Cooper yanked the fragment of glass down. His heart beat like a drunken drummer, heavy and out of whack. His palms were soaked, and blood dripped from a dozen small cuts.

No way to get to the rifles, not without facing Soren.

Options.

The back way might be clear. On the other hand, there could be a team of snipers back there who had been ordered to wait for their actual target. It made sense; Soren comes in the front and flushes them into fire.

Okay, a side window. They could climb out and haul ass, race into the woods. Only, same problem.

Plus, who are you kidding, Cooper? You can’t outrun Soren, not now. Ethan might be able to, but then he’s on his own, and that’s as good as killing him.

His hands shook, and he gasped a deep breath like swallowing straight razors. There were no options. They had to make a stand, and the best place to do that was in the cabin.

But how? The last time he’d faced this guy, he’d lost spectacularly. Now things were far worse.

Think! Everything you have is on the table, and that roulette wheel is slowing, the ball about to drop.

He couldn’t handle Soren, not in a fair fight. The man’s gift just made him too powerful. A T-naught of 11.2, my God. An eye blink would last a second, a footstep five. It was a strange and terrible gift, one that—

Wait. For most abnorms, their gift is just a part of them.

But Soren’s gift is different. In a very real way, he is his gift.

His perception of the world is entirely shaped by it.

He will depend on it utterly, and trust what it tells him.

—might be used against him.

Cooper scrambled across the floor, ignoring the pain. Unbelievable the risk. It wasn’t just his life on the table, it was Ethan’s, and the hope he offered the future. And it all depended on Cooper being right.

“Doc, I need you to trust me again.” Still carrying the shard of glass he’d used as a mirror, he glanced over his shoulder. Out of sight of the window. He rose quickly, took in the room. Measured angles in his head. “You see that closet? When I say, crouch down, move to it, and get in. Whatever you do, don’t look back.”

Ethan laughed. “Are you serious?”

Cooper shared the urge to laugh, didn’t. There was an archway out of the living room into what looked like a kitchen, the back way Shannon had taken. “Do it now.”

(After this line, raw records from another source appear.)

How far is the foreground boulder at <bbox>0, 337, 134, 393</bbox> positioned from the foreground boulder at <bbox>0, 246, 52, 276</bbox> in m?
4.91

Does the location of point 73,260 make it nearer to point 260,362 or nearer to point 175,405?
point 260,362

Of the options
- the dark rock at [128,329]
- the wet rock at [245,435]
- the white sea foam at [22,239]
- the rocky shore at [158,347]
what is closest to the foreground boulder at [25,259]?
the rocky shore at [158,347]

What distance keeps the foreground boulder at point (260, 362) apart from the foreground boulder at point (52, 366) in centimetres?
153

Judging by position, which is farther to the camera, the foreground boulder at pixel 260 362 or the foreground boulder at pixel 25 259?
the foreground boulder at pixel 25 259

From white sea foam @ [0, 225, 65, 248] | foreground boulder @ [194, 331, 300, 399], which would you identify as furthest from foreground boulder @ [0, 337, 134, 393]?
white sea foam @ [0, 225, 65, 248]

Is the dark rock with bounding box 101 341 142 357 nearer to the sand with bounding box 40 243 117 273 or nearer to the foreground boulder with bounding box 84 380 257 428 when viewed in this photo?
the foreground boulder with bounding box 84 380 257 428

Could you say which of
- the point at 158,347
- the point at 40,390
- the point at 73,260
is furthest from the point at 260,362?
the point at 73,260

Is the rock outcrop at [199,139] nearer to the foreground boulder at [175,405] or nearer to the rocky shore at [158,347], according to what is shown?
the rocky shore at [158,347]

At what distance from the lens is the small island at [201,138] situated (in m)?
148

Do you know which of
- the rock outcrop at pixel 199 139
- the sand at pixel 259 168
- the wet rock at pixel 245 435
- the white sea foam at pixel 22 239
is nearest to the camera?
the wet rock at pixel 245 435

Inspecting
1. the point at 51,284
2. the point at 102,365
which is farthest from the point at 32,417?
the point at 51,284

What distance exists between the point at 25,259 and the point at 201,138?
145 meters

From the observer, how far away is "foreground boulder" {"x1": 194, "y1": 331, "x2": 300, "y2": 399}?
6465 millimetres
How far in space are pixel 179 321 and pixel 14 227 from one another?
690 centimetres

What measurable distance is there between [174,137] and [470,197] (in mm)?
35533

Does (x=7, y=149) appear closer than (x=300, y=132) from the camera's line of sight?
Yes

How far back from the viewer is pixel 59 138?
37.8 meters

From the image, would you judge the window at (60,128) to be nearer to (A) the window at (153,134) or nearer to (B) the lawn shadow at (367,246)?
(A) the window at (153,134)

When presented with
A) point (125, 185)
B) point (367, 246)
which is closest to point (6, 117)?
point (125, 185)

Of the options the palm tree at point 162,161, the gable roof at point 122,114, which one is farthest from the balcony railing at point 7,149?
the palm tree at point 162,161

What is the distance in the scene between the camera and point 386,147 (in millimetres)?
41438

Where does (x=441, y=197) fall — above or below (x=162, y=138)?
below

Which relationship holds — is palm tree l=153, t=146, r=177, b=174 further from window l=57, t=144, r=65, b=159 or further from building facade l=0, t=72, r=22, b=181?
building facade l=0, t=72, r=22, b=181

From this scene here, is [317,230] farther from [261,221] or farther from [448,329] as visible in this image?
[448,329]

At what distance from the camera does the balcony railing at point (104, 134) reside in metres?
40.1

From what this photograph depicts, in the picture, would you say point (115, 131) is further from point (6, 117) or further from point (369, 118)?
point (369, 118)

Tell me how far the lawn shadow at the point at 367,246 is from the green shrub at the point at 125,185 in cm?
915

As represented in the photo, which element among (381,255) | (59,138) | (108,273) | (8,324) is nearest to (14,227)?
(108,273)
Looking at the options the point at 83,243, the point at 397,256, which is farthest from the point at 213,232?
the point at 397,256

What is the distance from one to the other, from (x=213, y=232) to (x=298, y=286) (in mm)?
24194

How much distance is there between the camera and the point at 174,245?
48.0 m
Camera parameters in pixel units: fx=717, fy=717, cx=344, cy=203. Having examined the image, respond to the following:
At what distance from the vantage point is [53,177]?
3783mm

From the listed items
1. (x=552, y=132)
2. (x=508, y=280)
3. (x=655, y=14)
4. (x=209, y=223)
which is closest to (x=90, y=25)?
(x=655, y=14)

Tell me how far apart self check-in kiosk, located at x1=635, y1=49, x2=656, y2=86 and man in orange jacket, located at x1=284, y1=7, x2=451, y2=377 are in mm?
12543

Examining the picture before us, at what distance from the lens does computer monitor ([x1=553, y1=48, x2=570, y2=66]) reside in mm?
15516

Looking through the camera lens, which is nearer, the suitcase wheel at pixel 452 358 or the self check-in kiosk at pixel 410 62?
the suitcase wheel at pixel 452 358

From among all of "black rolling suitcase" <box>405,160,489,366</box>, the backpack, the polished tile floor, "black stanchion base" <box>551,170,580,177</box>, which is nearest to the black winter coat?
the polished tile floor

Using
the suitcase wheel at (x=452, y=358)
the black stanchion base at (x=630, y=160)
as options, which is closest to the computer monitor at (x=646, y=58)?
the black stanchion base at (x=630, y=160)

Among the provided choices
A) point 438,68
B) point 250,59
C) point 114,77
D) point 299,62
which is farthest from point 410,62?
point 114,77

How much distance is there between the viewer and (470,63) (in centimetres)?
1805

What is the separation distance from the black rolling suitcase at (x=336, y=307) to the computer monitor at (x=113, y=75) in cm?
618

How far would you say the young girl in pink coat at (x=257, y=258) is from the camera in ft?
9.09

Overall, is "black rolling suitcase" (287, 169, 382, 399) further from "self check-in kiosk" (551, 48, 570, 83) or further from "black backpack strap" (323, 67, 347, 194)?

Lionel Clay sat at the head of the table and stared around the Situation Room at a world gone mad. Men and women in uniform were yelling at each other, talking into phones, but all of them were looking at the same thing.

The wall of tri-d screens, where American troops were massacring each other.

A high-angle recon shot showed a line of vehicles burning. Those that could still move rolled into exposed positions and continued firing on one another.

A helicopter gunship hovered over a platoon of running soldiers, spitting bullets and bright tracers. Men staggered and fell as if shoved from behind.

A soldier missing an arm clawed his way across the broken ground.

The dead lay everywhere. Killed in groups and mowed down one by one.

Streaks of light hurtled down from tactical drones, each finger missile thumping into the ground with an explosion that tossed heavy trucks like toys, that tore bodies apart.

“What’s happening?”

No one responded, and he realized his voice had been a croak. Clay pounded the table with his fist, said, “What’s happening?”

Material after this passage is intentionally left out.